Winkler Prins

Anthony Winkler Prins (1870)

Gepubliceerd op 07-08-2018

Gönner

betekenis & definitie

Gönner (Nikolas Thaddaeus von), een Duitsch regtsgeleerde en schrijver, geboren te Bamberg den l8denDecember 1744, studeerde te Göttingen, werd vervolgens in 1790 Hof en regéringsraad in zijne geboortestad en zag zich benoemd tot lid der commissie, belast met het ontwerpen van een wetboek van strafregt. In 1792 werd hij hoogleeraar, in 1796 ging hij als gevolmagtigde van den Vorst-Bisschop naar Nürnberg, om er een ouden strijd met Pruissen bij te leggen, en bij zijn terugkeer in 1797 aanvaardde hij de betrekking van Hofkamer-consulent. In 1799 vertrok hij als hoogleeraar naar Ingolstadt, en in 1800 naar Landshut. Voorts ging hij in 1811 als lid der commissie tot herziening van het Beyersche wetboek naar München, zag zich in i812 benoemd tot voorzitter van het Hof van appèl in het Isar-arrondissement, werd in 1813 in den adelstand opgenomen, en in 1815 geheim Justizreferendar, in 1817 geheimraad en daarna staatsraad.

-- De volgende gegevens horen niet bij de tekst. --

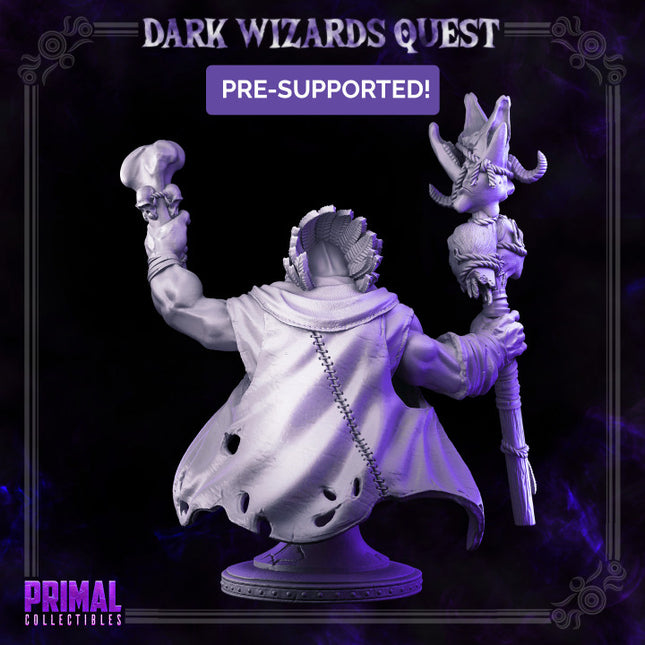 Orc Shaman - Dunkun - Bust - DARK WIZARDS - MASTERS OF DUNGEONS QUEST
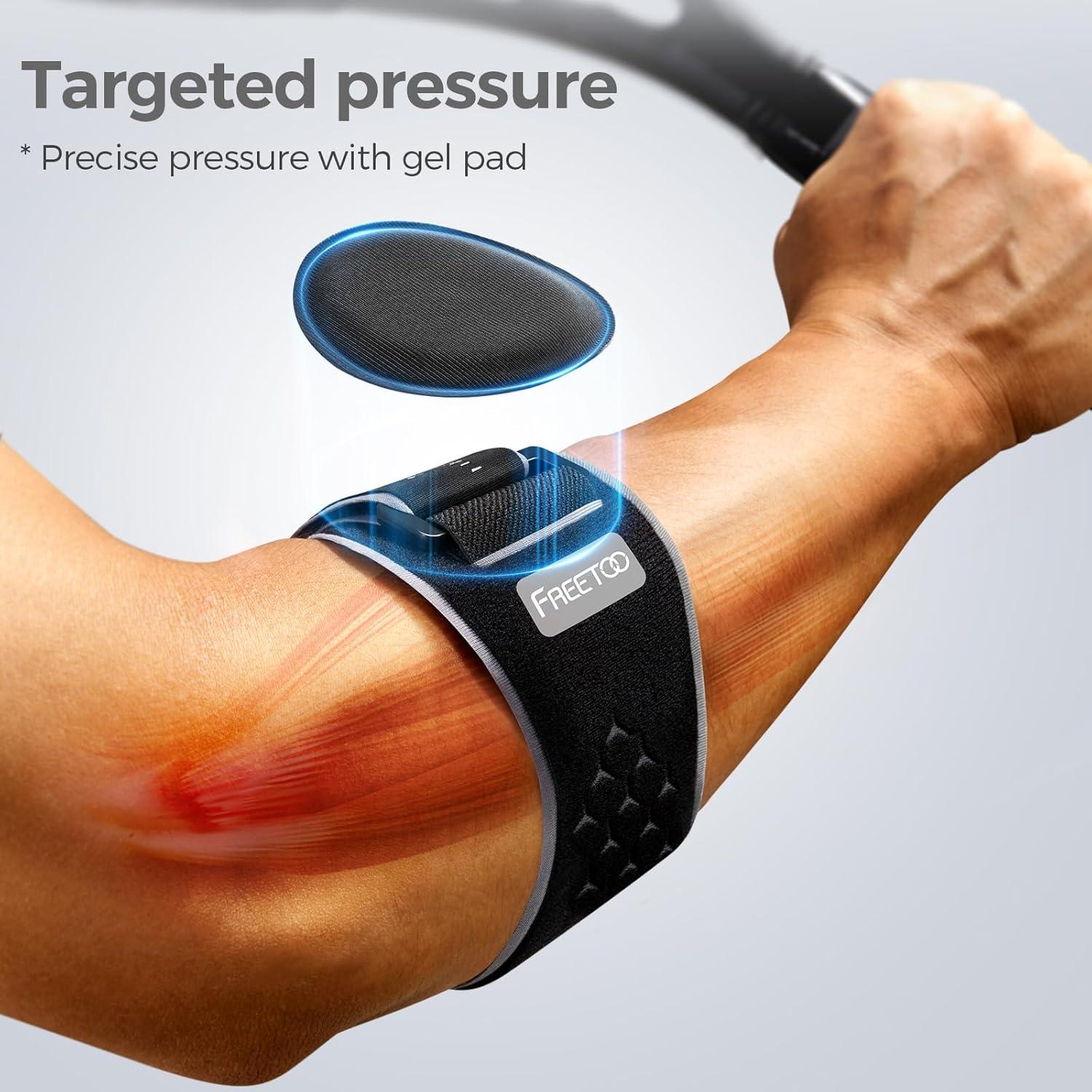 Faja para Codo FREETOO L/XL Alivio Tendinitis y Epicondilitis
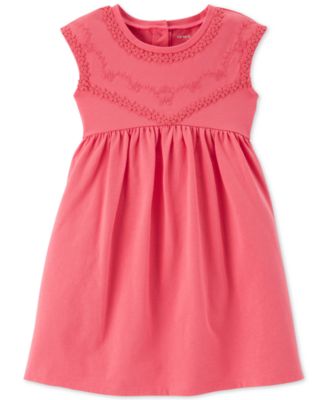 macys coral dress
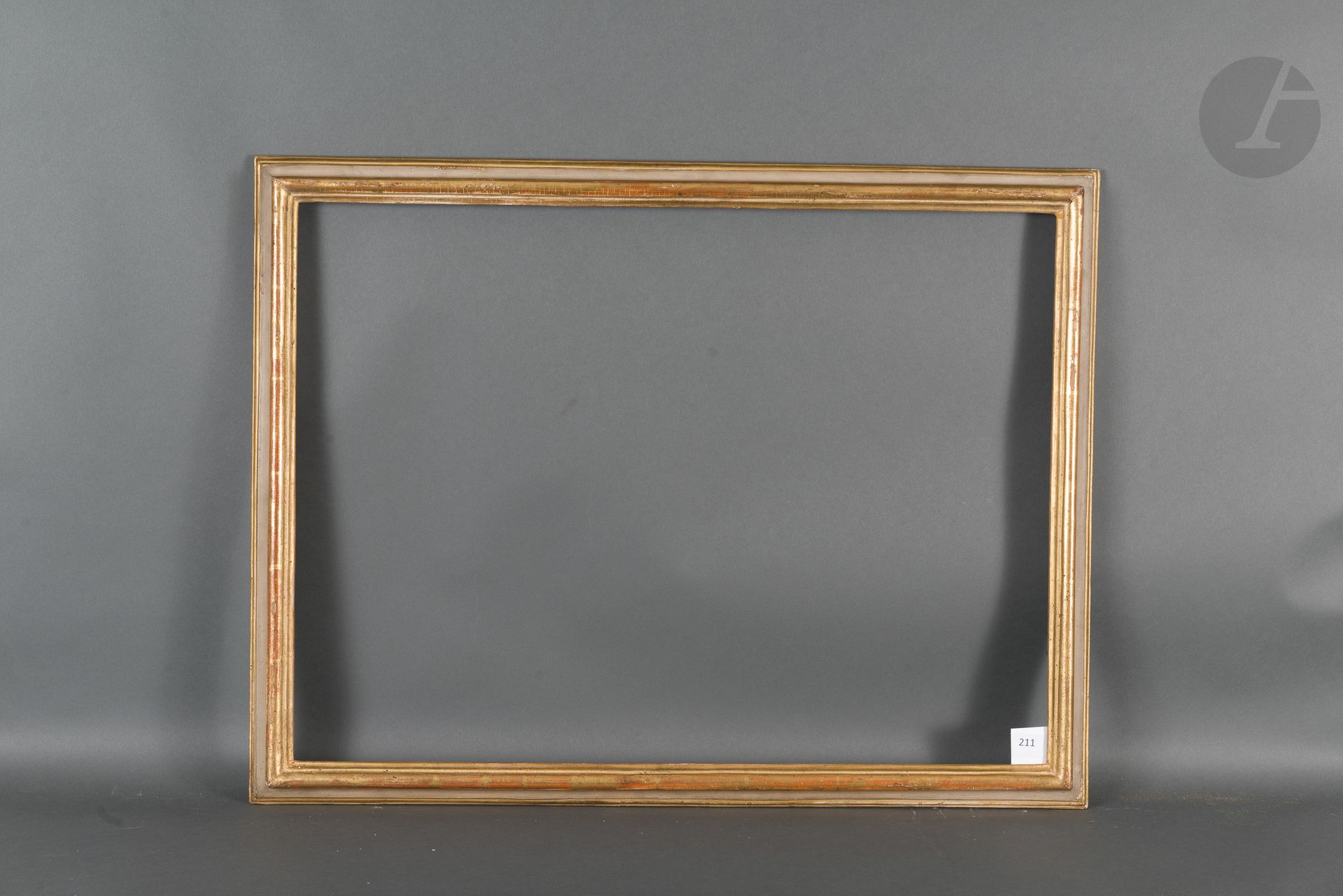 Green and gold molded wood frame.
Italy, 18th century (small chips).
48,7 x 66,3 cm - Profile : 4 cm

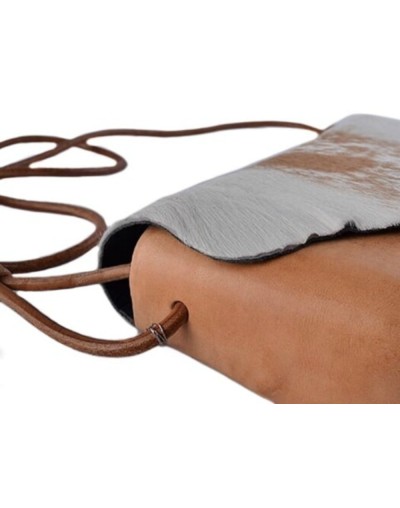 Bolso clutch di pelle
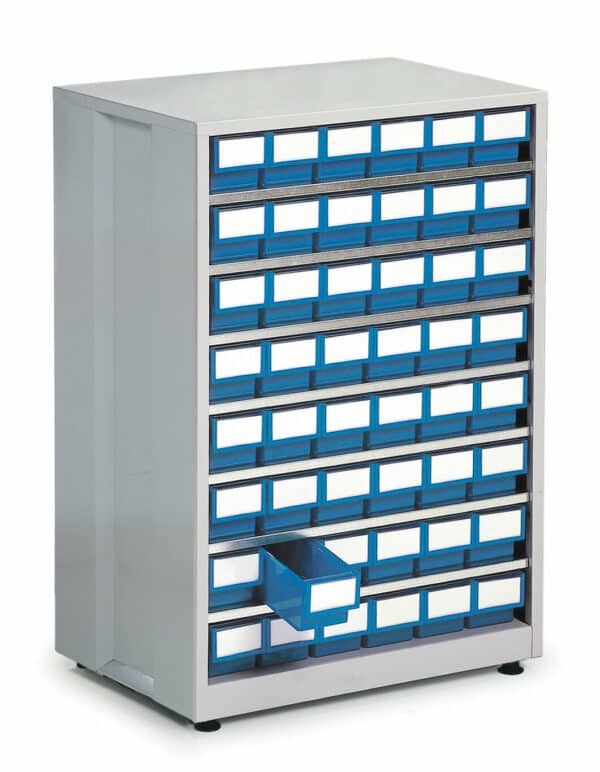 Iso hyllylaatikosto 605x410x870, sininen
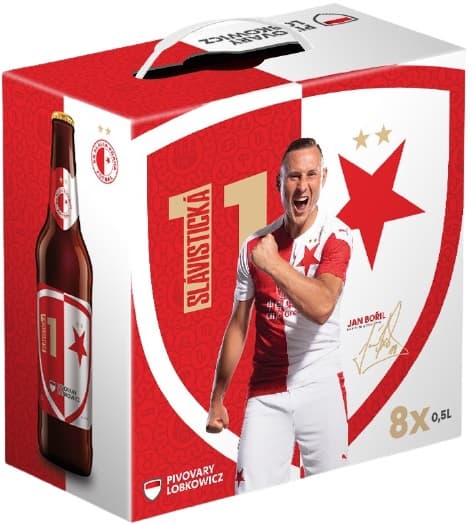 Multipack Slávistická 8×0,5 l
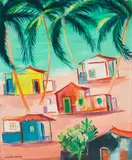 Cícero Dias, Paisagem de Recife, óleo sobre tela
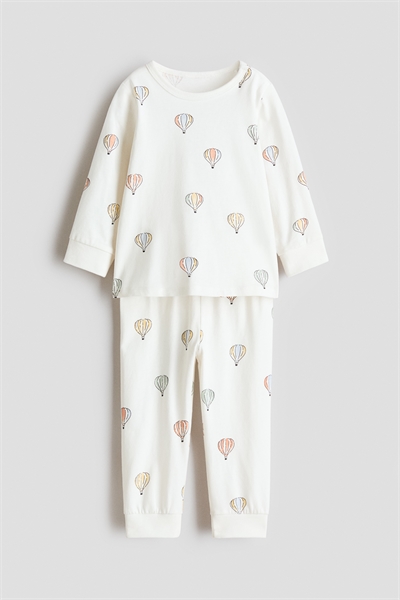 Пижама из хлопка с принтом 1143149037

Op den eersten Landdag in 1819 en ook op den tweeden was hij met ijver werkzaam, en als stichter der wijsgeerig-regtsgeleerde school belastte hij zich aan de nieuwe universiteit te München met het onderwijs in de philosophische regtswetenschap. Hij overleed aldaar den 18den April 1827. Hij schreef: „Auserlesen Rechtsfalle (1801—1805, 4 dln)”, — „Handbuch des gemeinen Processes (1804—1805, 4 dln)”, — „Das deutsche Staatsrecht (1804)”— en „Archiv für die Gesetzgebung und Reform des juristischen Stadiums (1808—1814 , 4 dln)”. Van zijne latere werken vermelden wij: „Entwurf eines Gesetzbuchs über das gerichtliche Verfahren in bürgerlichen Rechtssachen (1815— 1817, 3 stukken)”, — en „Commentar über das Hypothekengesetzbuch für Baiern (1823— 1824, 2 dln)”.